Builder of dreams
Troy A. Bruzewski
Sunday, July 21, 2013
Schuler was working on race cars with friend Matt Kenseth before the two graduated from Cambridge High School. Both had aspirations of being professional stock car drivers and would travel to short tracks such as Jefferson Speedway and Madison International while spending their weekdays repairing their cars.
Schuler won the rookie of the year and season titles in the road warrior division at Columbus 151 Speedway in 1988, while Kenseth won the sportsman division title at Madison. Both were 16 years old.
“Neither of us had a whole lot of anything; we were racing on a small budget,” Schuler said. “It was a childhood dream we were trying to live for as long as we could.”
Kenseth was on a more accelerated progression through the local racing ranks than Schuler, who was reluctant to spend high dollars at such a young age.
In 1995, he was becoming competitive in the ARTGO Series—a late model series that was purchased by NASCAR in 1998, and a series where Kenseth earned his first win in 1991.
While both drivers had success, Kenseth chose to move south in hopes of someday landing a NASCAR ride, while Schuler continued to tour Wisconsin.
Schuler stayed in touch with Kenseth while he climbed the ranks in NASCAR. Then a life-changing call—as often happens on the race track—came from the crew chief. In the summer of 1999, Kenseth's former competitor-turned-crew chief Robbie Reiser rang Schuler.
“Robbie asked me if I'd be interested in driving their Busch (now Nationwide Series) car,” Schuler said. “I told him, 'Heck yes,' in an instant. I figured it was my only chance for something like this.”
Schuler signed for a limited schedule for the team Reiser was the listed as owner of, driving the No. 17 Visine Chevrolet and sharing the ride with Kenseth.
“Racing in NASCAR is a 24/7 deal; there is no time,” Schuler said.
Schuler started 11 races in 2000 and failed to qualify for another. His best qualifying effort was sixth at Gateway Motorsports Park, where he also matched his season-high finish of 14th.
But the team never became a full-time operation for Reiser and Kenseth. Schuler said he competed in a few more Busch events the following two years, but his most productive NASCAR season came in 2003.
He ran 27 races for Havill-Spoerl Racing and earned a career-high finish of 13th at Nashville Speedway.

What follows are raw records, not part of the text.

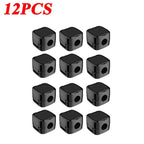 6/12 PCS Magnetic Cable Clips Cable Smooth Adjustable Cord Holder Under Desk Cable Management Wire Keeper Organizer Holder Amagi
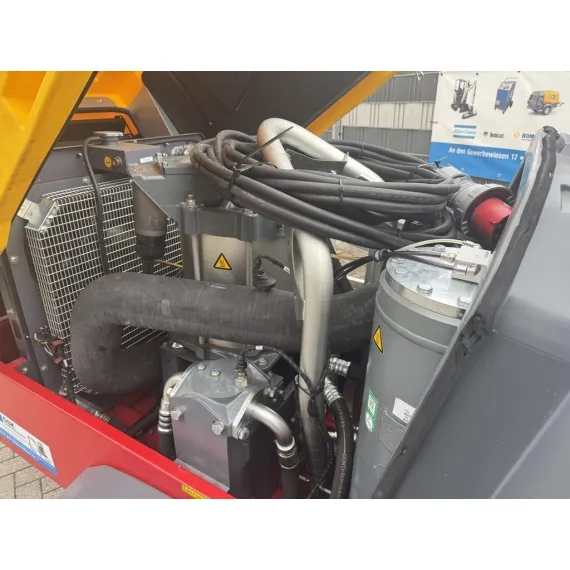 Atlas Copco E-Air H450 VSD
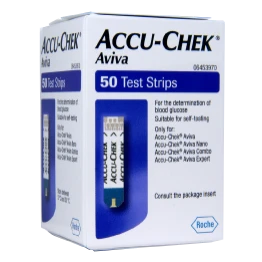 Accu Chek Aviva Test Strips (50 Strips)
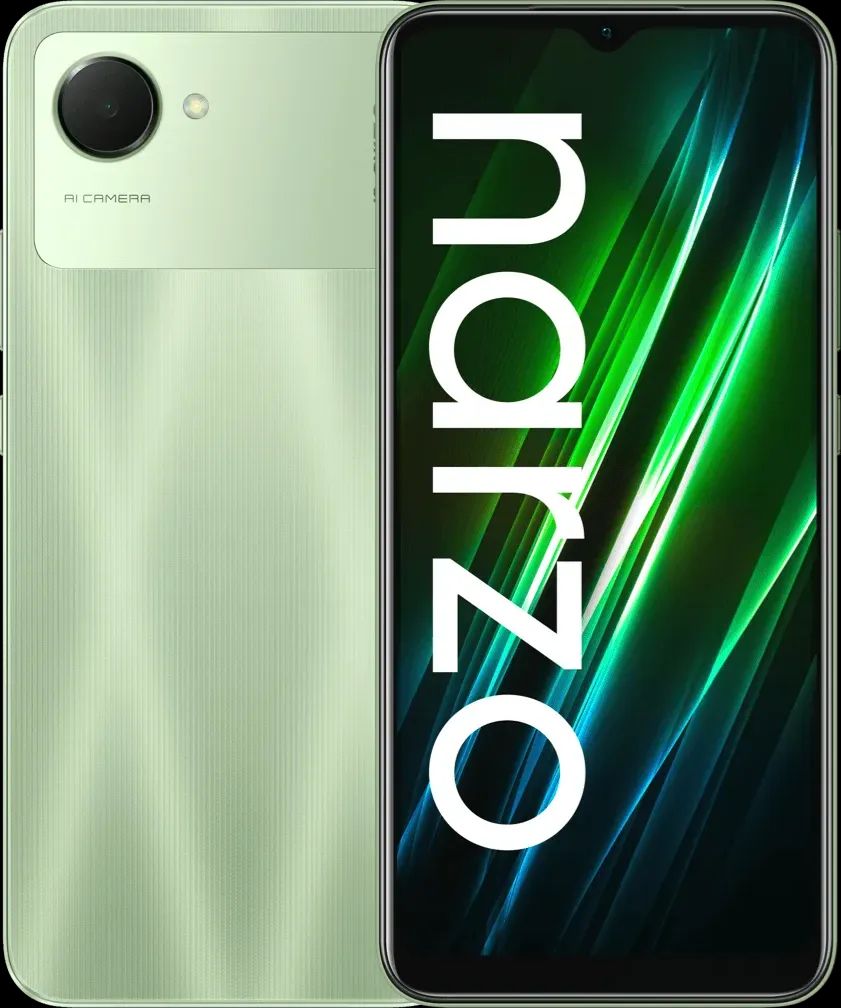 Realme Narzo 50i Prime (4GB RAM + 64GB)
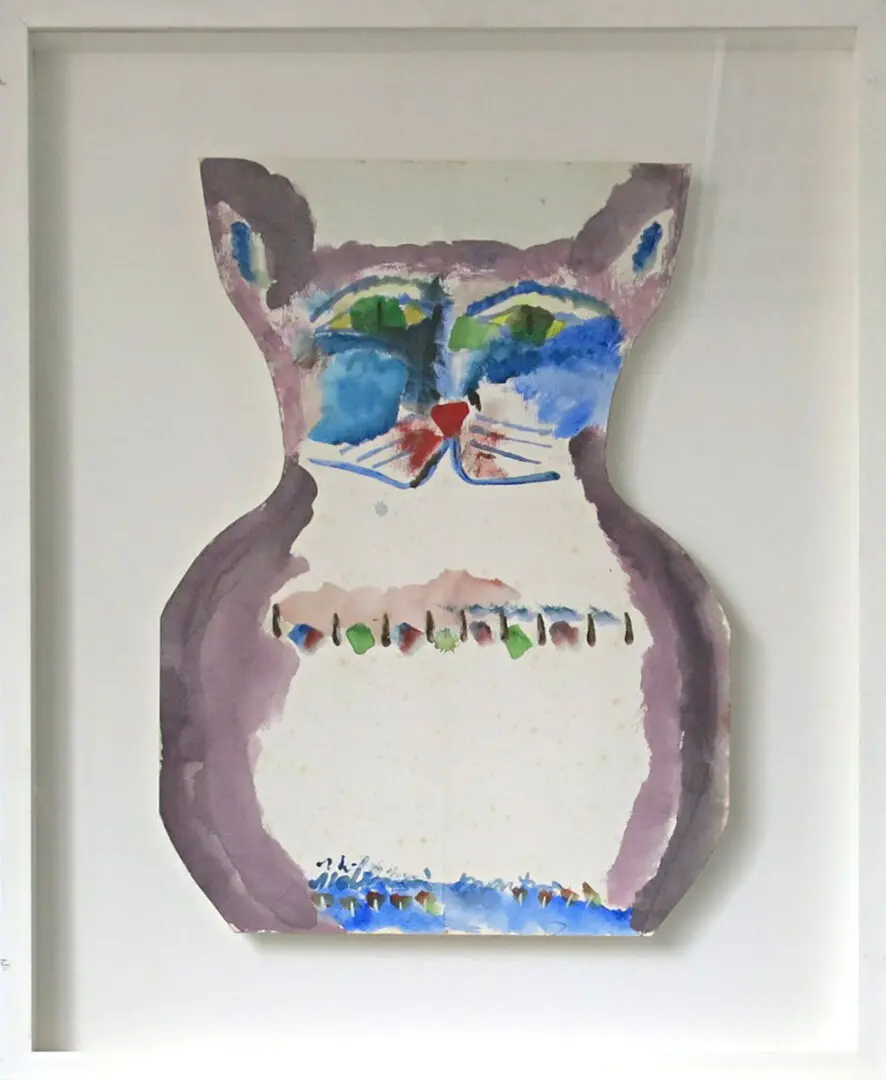 Aldemir Martins - Gato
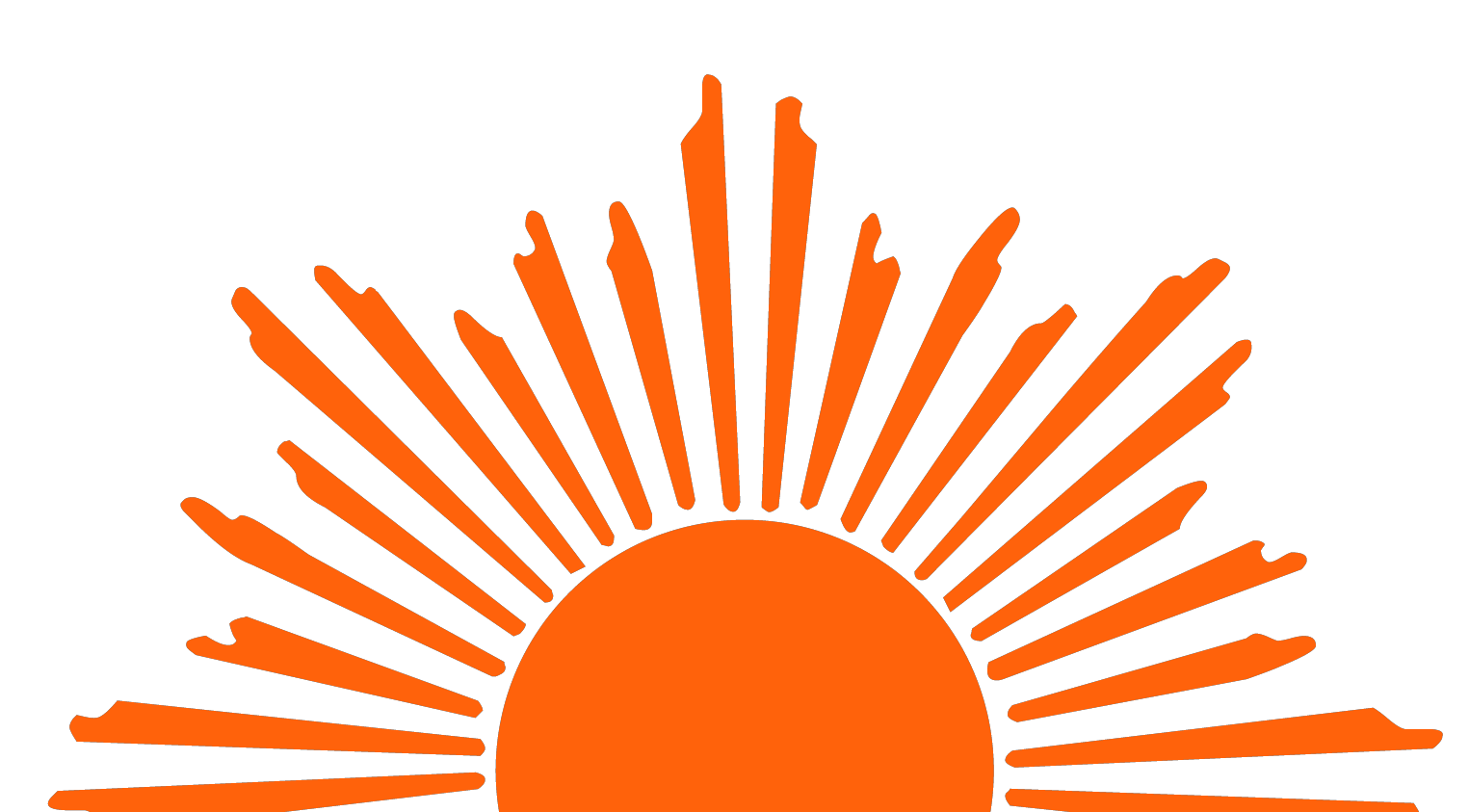 Best Half Sun Clipart #16241 - Clipartion.com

The following season was his last in NASCAR, running seven races before returning to Wisconsin.
When the opportunity arose, Schuler took a shot at the top level of stock car racing. But that path was now closed. The next one opened not long after returning to Wisconsin.

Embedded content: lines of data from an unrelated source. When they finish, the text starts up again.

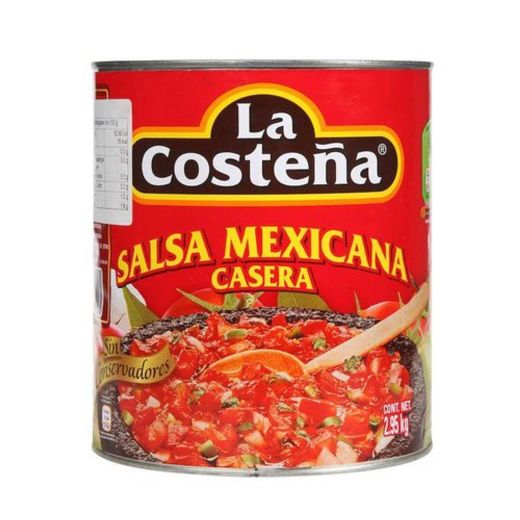 La Costena Salsa Mexicana 2.8kg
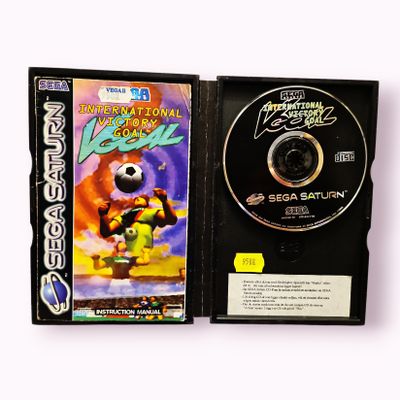 INTERNATIONAL VICTORY GOAL SEGA SATURN RENTAL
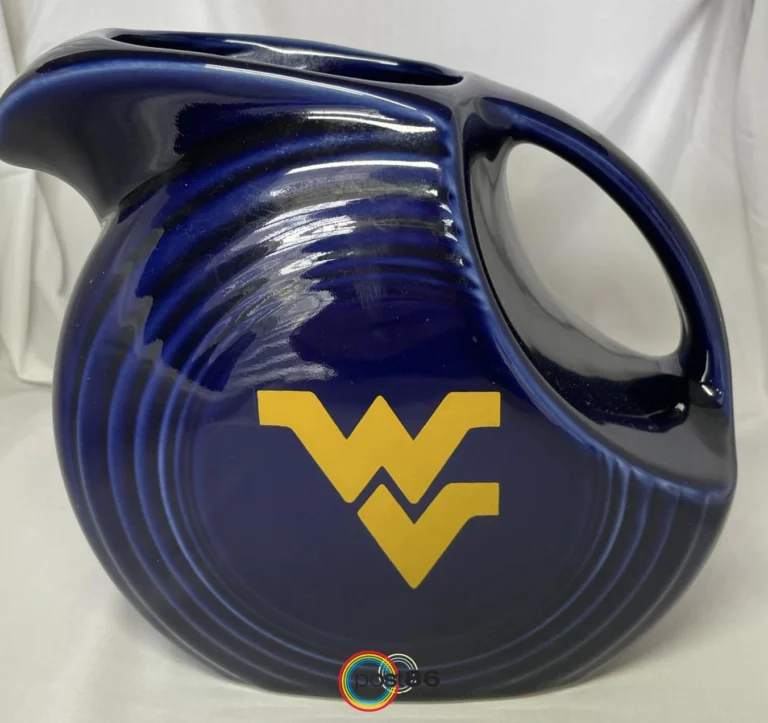 West Virginia University - WV Logo - Photo Courtesy of Wally Haugen - Post 86 Reference Guide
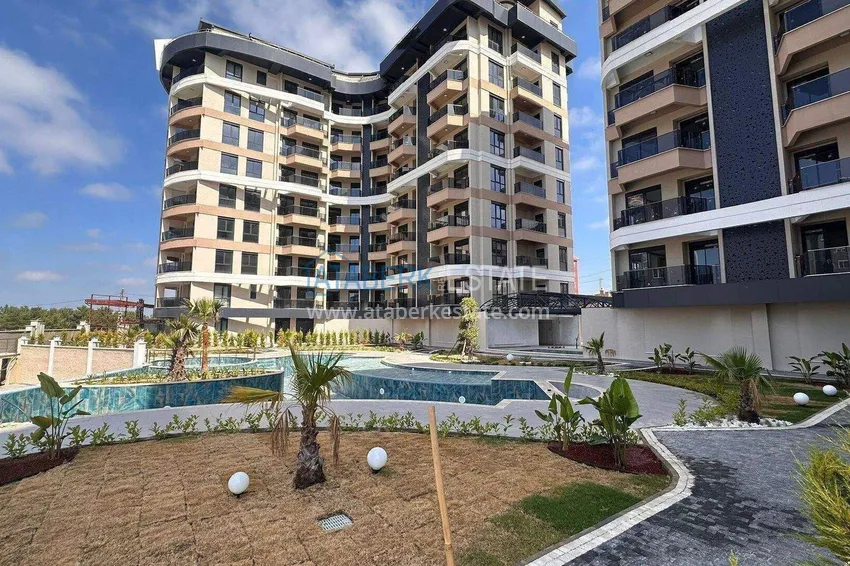 Apartamenty od dewelopera w Alanyi - rezydencja premium z infrastrukturą hotelową, dzielnica Payallar 8 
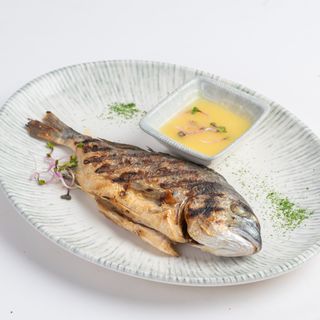 Ципура на скара с билки и лимон (250 гр.)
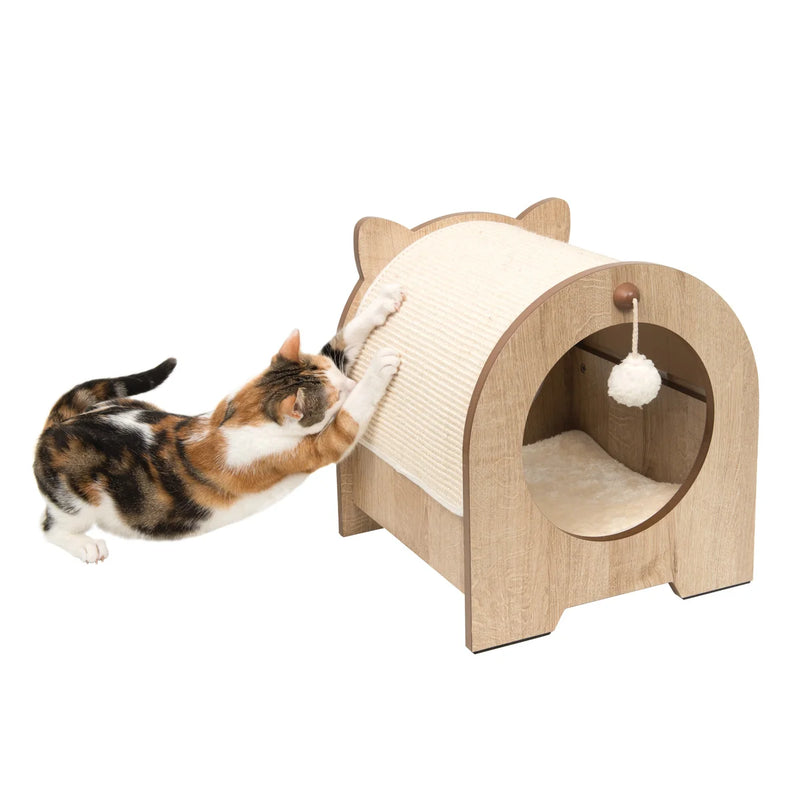 Catit Grattoir Vesper Minou pour banc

Schuler remained active in preparing race cars, and when he was offered a chance to purchase Pathfinder Chassis in Sun Prairie, he called another friend and former competitor, Joe Wood.
“That was a short conversation,” Schuler said. “I asked Joe if he wanted to be partners and buy it. I think within about five minutes, I already was talking to the former owner about specifics.”
Since October 2005, Schuler and Wood have built hundreds of race cars and have worked on hundreds more. Young drivers and veterans alike come through the Pathfinder shop, including Schuler's high-school chum and former boss, Kenseth.
Pathfinder builds race cars for Kenseth and his son, Ross. For Schuler and Wood, it's normal to start from zero and have a race-ready chassis and body in six weeks. That top-to-bottom service often costs between $40,000 and $50,000, without necessities like a motor and transmission.
“It used to be that kids would always say they want to be Michael Jordan or Brett Favre, but now there are many who say they want to be Jeff Gordon or Kasey Kahne,” Wood said. “It's expensive to follow that path, and we try to explain everything that's involved before moving forward with someone just getting involved with racing.”
While drivers like Kenseth have the technical ability but lack the time, others have never been in a situation to learn it. Pathfinder caters to both. Schuler and Wood both said they encourage clients who want to learn to take part.
“We more than welcome any of the drivers to come and help or watch the work that's done on the car,” Schuler said. “That only helps them, and the longer they race, the longer we're in business.”